** WORK ORDER **
Reproduce the material below only from the line with "Gro�z�giges Treppenhaus Einfamilienhaus" to the line with "OEM Suzuki Swift", both included, keeping each line exact and dropping the pictures.

** DATA LISTING **

******

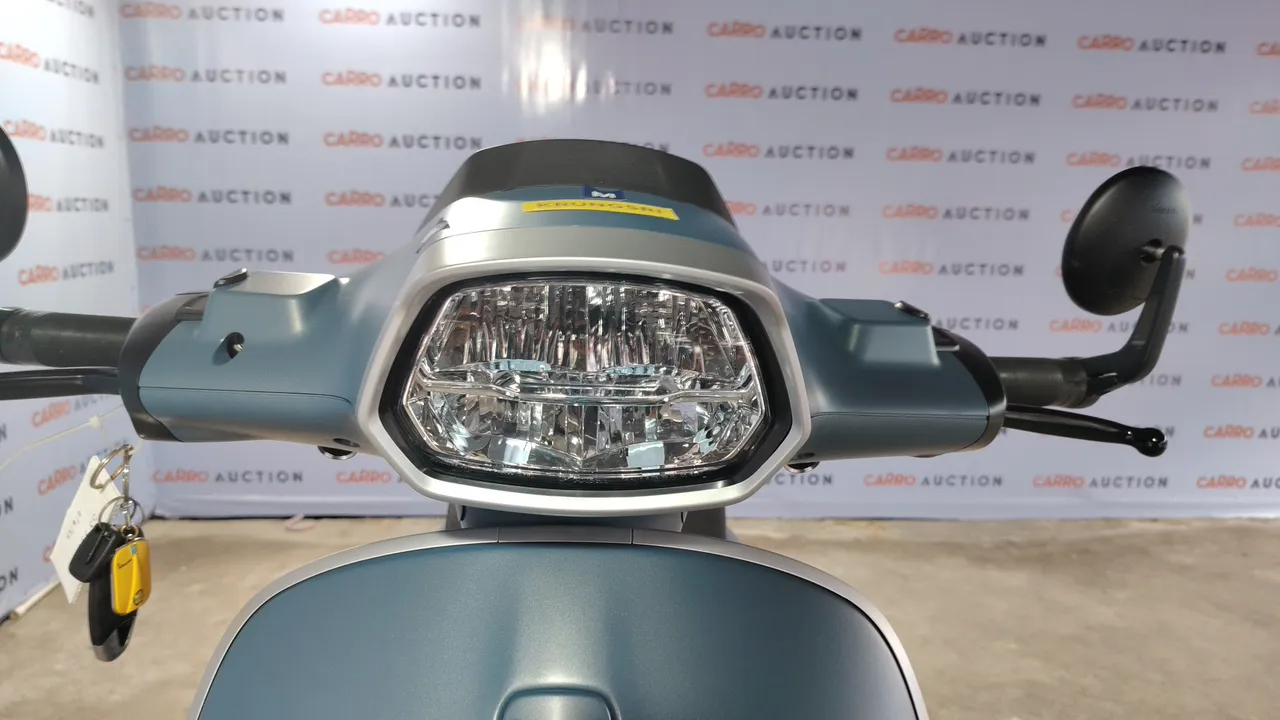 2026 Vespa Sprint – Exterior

******

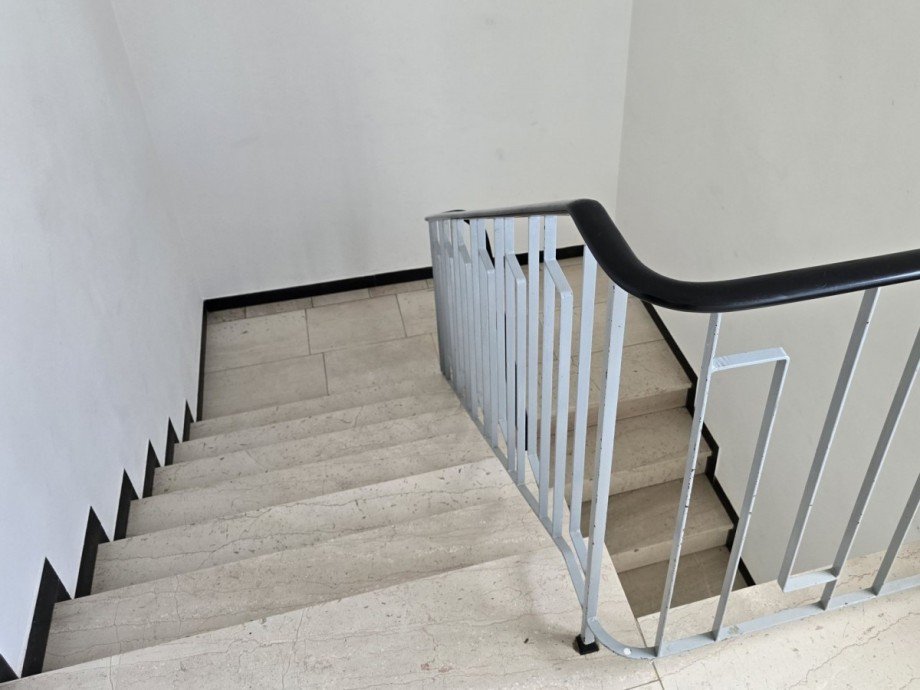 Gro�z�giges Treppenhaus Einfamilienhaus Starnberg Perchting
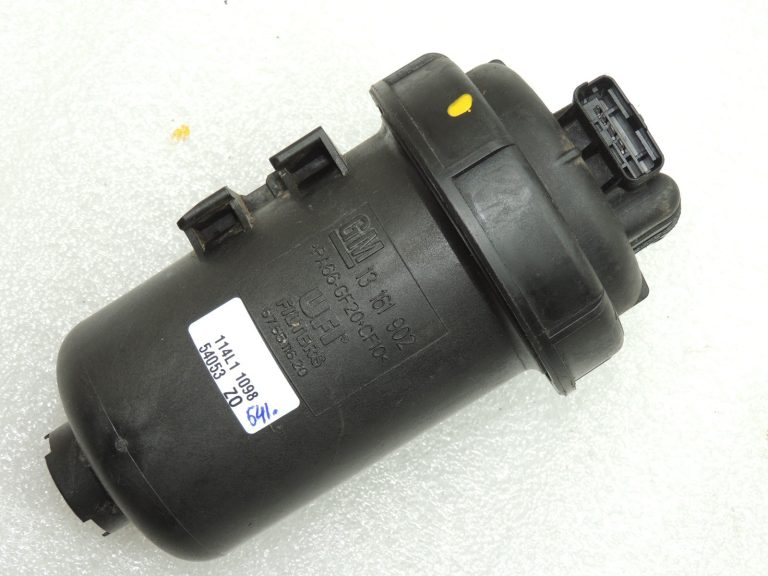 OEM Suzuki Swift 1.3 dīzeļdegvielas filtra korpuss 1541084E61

******

** RESULT OF THE TASK **
 Gro�z�giges Treppenhaus Einfamilienhaus Starnberg Perchting
 OEM Suzuki Swift 1.3 dīzeļdegvielas filtra korpuss 1541084E61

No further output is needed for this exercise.